Liver fibrosis is a scarring process that can lead to cirrhosis, which causes more than 1.4 million deaths per year. Geneticist Gary Peltz of Stanford University School of Medicine is using Co-Scientist to accelerate the search for drugs that can tardy, stop or reverse the process.
IN research published in Peltz’s team explored whether a co-scientist could support efforts to identify drugs from the extensive literature on existing drugs that could be repurposed to treat fibrosis. Peltz asked his co-scientist to propose three candidates and explain their reasoning. Sam also identified two drug candidates based on their notable presence in the liver fibrosis literature.
Peltz then subjected all five drugs to a fibrosis test in his lab, which consists of living human liver cells.

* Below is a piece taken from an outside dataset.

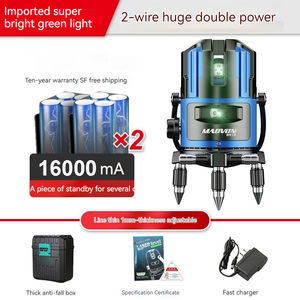 Alta qualità livello <span class=keywords><strong>laser</strong></span> verde 2/3/5 linea <span class=keywords><strong>laser</strong></span> blu <span class=keywords><strong>laser</strong></span> <span class=keywords><strong>a</strong></span> infrarossi ad alta precisione linea automatica livellamento contatore dell'acqua - Product Image 4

His two drugs showed no benefit against fibrosis. In turn, of the three drug candidates selected by the co-scientist, two blocked fibrosis and promoted liver cell regeneration. Only a few articles linked one of these drugs to liver fibrosis, which represented a needle in a haystack of scientific literature.
The co-scientist’s outstanding choice was vorinostat, an anticancer drug. In Peltz’s experiments, it blocked 91% of the damage responses that can cause liver scarring. The co-scientist’s suggestions pointed to drugs that change the shape of gene activity, rather than a single fibrosis pathway. Peltz argues that such drugs deserve solemn consideration as treatments for liver fibrosis and could ultimately support bring a recent generation of antifibrotic drugs to market.